### PROBLEM STATEMENT
What do the lines say, reproduced word for word, from the first of the entries below through the line bearing "#openbobandung https://t.co/ZPbKNDekRA"?

Short text fragments from websites

■ ■ ■ ■ ■

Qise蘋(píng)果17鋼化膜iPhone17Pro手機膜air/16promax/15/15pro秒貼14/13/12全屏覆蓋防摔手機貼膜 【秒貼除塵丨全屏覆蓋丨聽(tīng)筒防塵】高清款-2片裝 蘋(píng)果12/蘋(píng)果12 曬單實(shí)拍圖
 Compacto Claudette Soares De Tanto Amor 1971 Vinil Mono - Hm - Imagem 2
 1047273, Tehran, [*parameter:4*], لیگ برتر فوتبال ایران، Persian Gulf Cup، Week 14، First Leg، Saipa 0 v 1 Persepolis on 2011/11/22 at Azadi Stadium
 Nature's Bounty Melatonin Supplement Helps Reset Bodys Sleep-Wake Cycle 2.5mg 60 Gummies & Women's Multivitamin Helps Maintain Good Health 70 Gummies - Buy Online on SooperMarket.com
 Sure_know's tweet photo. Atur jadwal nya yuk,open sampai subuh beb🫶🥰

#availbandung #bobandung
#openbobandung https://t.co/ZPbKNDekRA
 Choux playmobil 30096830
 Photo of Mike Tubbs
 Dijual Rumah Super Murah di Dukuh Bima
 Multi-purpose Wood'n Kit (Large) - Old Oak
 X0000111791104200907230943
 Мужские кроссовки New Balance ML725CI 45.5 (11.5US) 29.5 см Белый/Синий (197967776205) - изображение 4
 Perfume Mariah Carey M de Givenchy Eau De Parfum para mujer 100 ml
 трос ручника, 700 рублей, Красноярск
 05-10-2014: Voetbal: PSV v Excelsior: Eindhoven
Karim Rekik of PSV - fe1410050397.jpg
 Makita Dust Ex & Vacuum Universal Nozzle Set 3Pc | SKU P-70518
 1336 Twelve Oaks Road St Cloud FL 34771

■ ■ ■ ■ ■

### ANSWER BOX
Qise蘋(píng)果17鋼化膜iPhone17Pro手機膜air/16promax/15/15pro秒貼14/13/12全屏覆蓋防摔手機貼膜 【秒貼除塵丨全屏覆蓋丨聽(tīng)筒防塵】高清款-2片裝 蘋(píng)果12/蘋(píng)果12 曬單實(shí)拍圖
 Compacto Claudette Soares De Tanto Amor 1971 Vinil Mono - Hm - Imagem 2
 1047273, Tehran, [*parameter:4*], لیگ برتر فوتبال ایران، Persian Gulf Cup، Week 14، First Leg، Saipa 0 v 1 Persepolis on 2011/11/22 at Azadi Stadium
 Nature's Bounty Melatonin Supplement Helps Reset Bodys Sleep-Wake Cycle 2.5mg 60 Gummies & Women's Multivitamin Helps Maintain Good Health 70 Gummies - Buy Online on SooperMarket.com
 Sure_know's tweet photo. Atur jadwal nya yuk,open sampai subuh beb🫶🥰

#availbandung #bobandung
#openbobandung https://t.co/ZPbKNDekRA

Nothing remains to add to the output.